----- AVAILABLE DATA

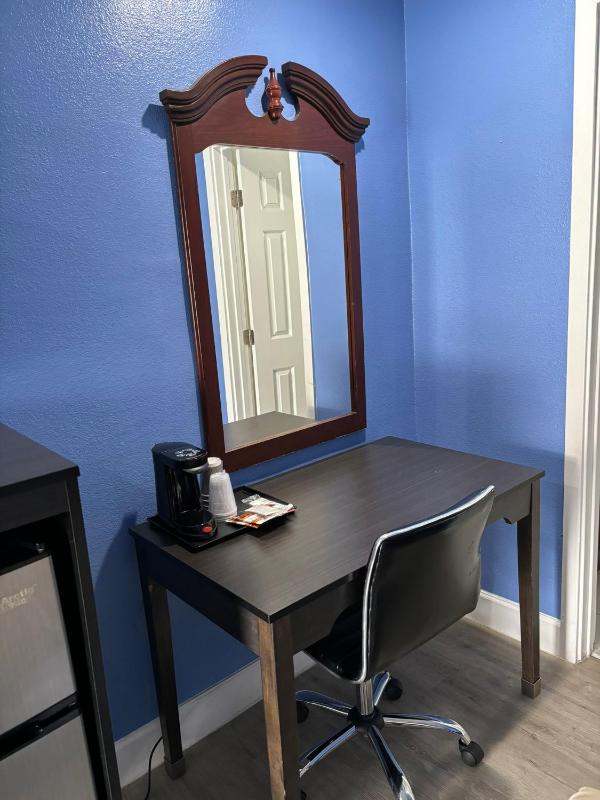 King Room image 3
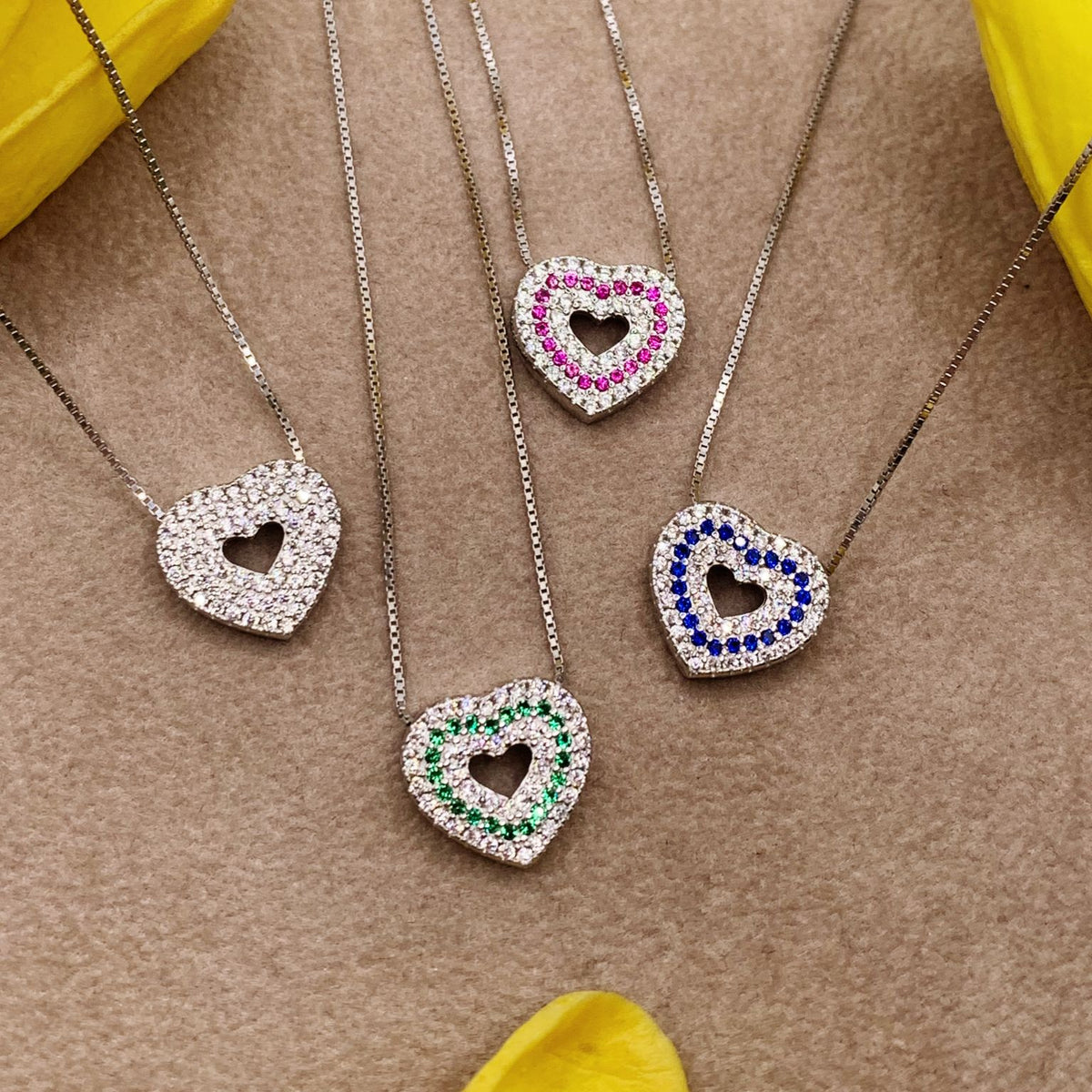 Collana cuoricino traforato
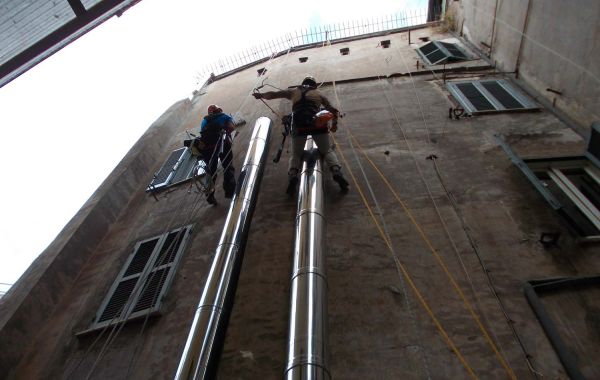 installazione-canne-fumarie-ediliziasufune-02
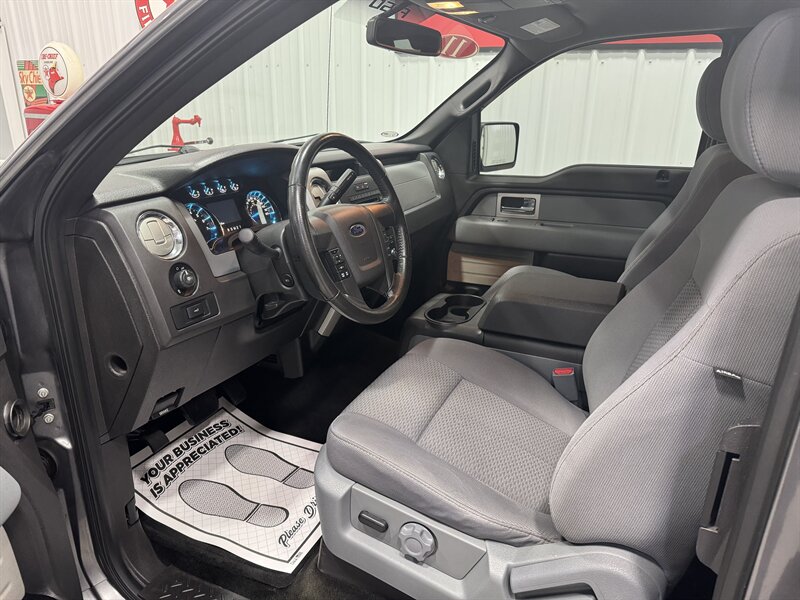 2011 Ford F-150 XL   - Photo 9 - Rochelle, IL 61068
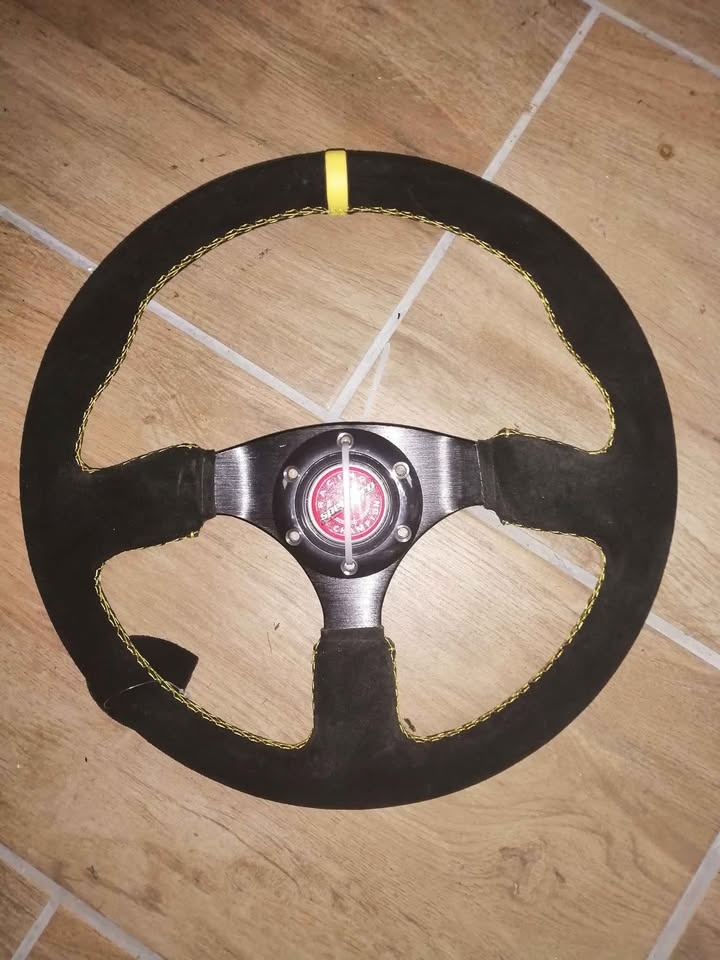 prodám sportovní volant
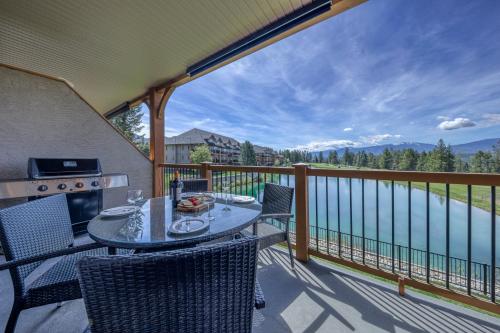 ทัศนียภาพ, Bighorn Meadows Resort in เรเดียมฮอตสปริง (บริติชโคลัมเบีย)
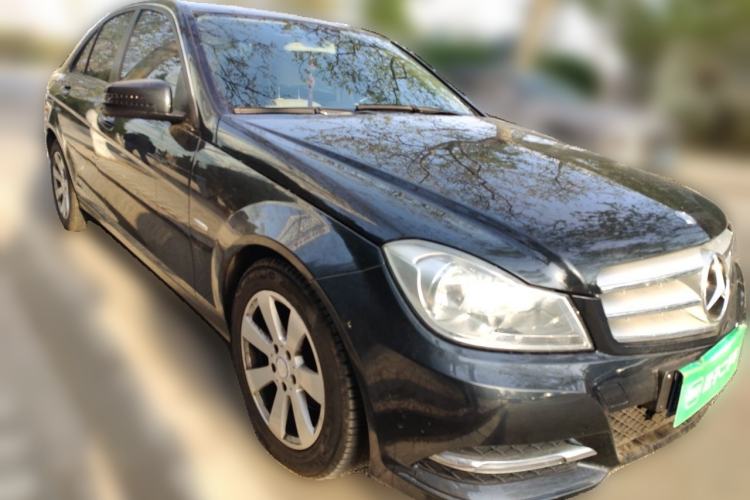 Used Mercedes-Benz C-Class 2011 C 180K Classic model Front Right 45 Deg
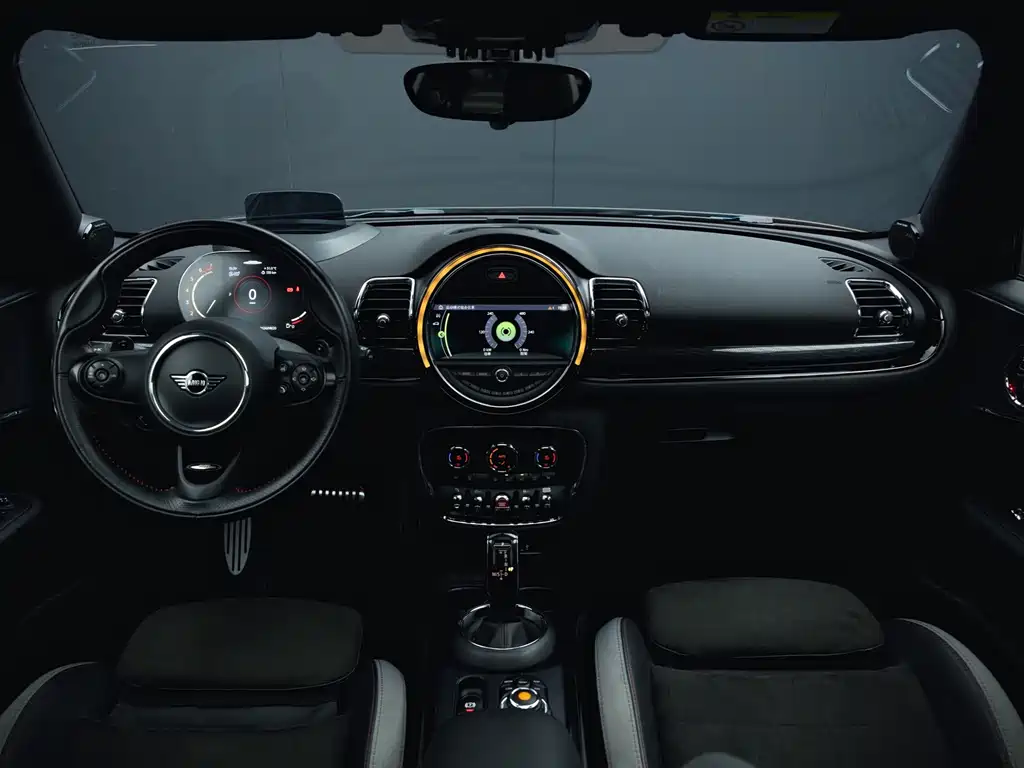 MINI JCW CLUBMAN 2021 — фото 17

----------

§ TASK TO CARRY OUT: Although the records above contain pictures, the copy should not; retype exactly the lines from the one containing "Collana cuoricino traforato" through the one containing "Used Mercedes-Benz C-Class".

§ OUTPUT BELOW:
 Collana cuoricino traforato
 installazione-canne-fumarie-ediliziasufune-02
 2011 Ford F-150 XL   - Photo 9 - Rochelle, IL 61068
 prodám sportovní volant
 ทัศนียภาพ, Bighorn Meadows Resort in เรเดียมฮอตสปริง (บริติชโคลัมเบีย)
 Used Mercedes-Benz C-Class 2011 C 180K Classic model Front Right 45 Deg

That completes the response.